Recently with Hurricanes Harvey and Irma, it’s been seeing peak traffic, hitting new all-time usage highs. Given that it’s using the Serverless model, it automatically scales with the load, so I don’t have to do anything in support of the spike. It does make me take a look at my monthly AWS invoice, just to make sure I stay on top of the related costs. Here is my analysis from performance tuning the Hurricane Center skill, and the cost implications.

Performance Tuning AWS Lambda

One of the default variables when provisioning Lambda functions is the memory allocation. It’s controlled by a slider (see below) on the advanced settings tab of the console, and by default, starts out at 128MB. This setting can be adjusted without any coding changes to the Lambda function. Just save, and the platform will redeploy the function with the new capacity.

By changing the memory allocation from the default of 128MB to 512MB (and the relative corresponding vCPU change of 4x), the performance improves dramatically. Here is the graph of response time in CloudWatch showing daily average performance of the calls to this function. The change was made on August 14th. Previously the performance was in the 300ms range, it’s now averaging in the 100ms range — a 3X improvement! The traffic spikes I’ve received in the last two weeks haven’t made a dent in this either as performance has stayed quick — at 100ms.

What is the Cost Impact?

A good question anytime we throw extra resources at an application is what is the cost impact. Something that seems to be inexpensive in relative terms can quickly add up.

The pricing structure that AWS has on Lambda is quite generous. This is especially true given the relative usage of an Alexa skill. A free tier exists on accounts, and the limits for staying under it are 1M requests, as well as 400,000 GB-seconds of CPU usage in a month. It’s the second measure that we are impacting by going with a higher memory allocation, as the volume of transactions stays the same.

Let’s do the Math for this Change

The impact of going from 128MB to 512MB doesn’t mean that the cost goes up by 4X. The unit of measure is the combination of memory allocated multiplied by the transaction time in increments of 100ms. Given that we see the a 3X reduction in response time, they almost offset.

Scenario #1 — Small (128MB) version

10k executions x 300ms x 128MB = 384 GB-seconds.

Scenario #2 — Larger (512MB) version

10k executions x 100ms x 512MB = 512 GB-seconds.

So the net result of quadrupling the memory is a 34% jump in consumption — and my skill gets a 3X performance improvement. BOOM!

Don’t tune beyond 100ms

Going beyond 512MB is possible as the service supports sizes up to 1.5GB. There is “fine print” in the pricing model for Lambda highlighting that the cost for each transaction gets rounded to the nearest 100ms. The implication is that once you get below 100ms in performance, any increase in heap will just grow the overall usage. Here’s the scenario matching the example above.

Scenario #3 — Largest (1.5GB) version

10k executions x 65ms (rounded up to 100ms) x 1.5GMB = 1500 GB-seconds.

The net result would be a tripling of memory may lead to improved performance, but the usage cost also goes up by 3X.

How much does my bill go up?

Now comes the absurd part.
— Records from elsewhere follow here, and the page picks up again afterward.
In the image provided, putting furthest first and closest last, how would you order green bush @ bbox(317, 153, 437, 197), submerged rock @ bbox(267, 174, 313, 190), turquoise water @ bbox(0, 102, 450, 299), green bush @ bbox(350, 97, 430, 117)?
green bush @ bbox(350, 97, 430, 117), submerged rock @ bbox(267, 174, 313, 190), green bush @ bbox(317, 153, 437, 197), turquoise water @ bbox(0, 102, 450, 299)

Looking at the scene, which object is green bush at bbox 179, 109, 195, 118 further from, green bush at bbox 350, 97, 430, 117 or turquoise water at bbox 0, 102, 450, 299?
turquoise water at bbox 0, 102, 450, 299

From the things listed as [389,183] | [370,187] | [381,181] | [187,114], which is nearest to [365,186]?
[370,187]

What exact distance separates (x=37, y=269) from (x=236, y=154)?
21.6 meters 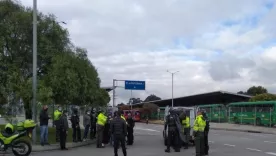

The first 400k GB-seconds per month is free, so unless the skill that uses this Lambda function gets insanely popular, it will stay under the free tier. Let’s do the math on how popular the Alexa skill would be to hit this level. (example assumes scenario #2 above)

33k executions/day x 30 days/month = 1.0M executions/month.

33k executions/day x 30 days/month at 512MB = 50k GB-seconds.

So the thing to watch out for with this skill is not the memory, rather the transaction volume. If you’re not familiar with Alexa skill usage, 33k executions/day is extremely high, and it’s only the top 1% of skills on the platform that could see volume along these lines. When developing Alexa Skills, don’t hesitate to bump up the memory as it improves performance, and is free!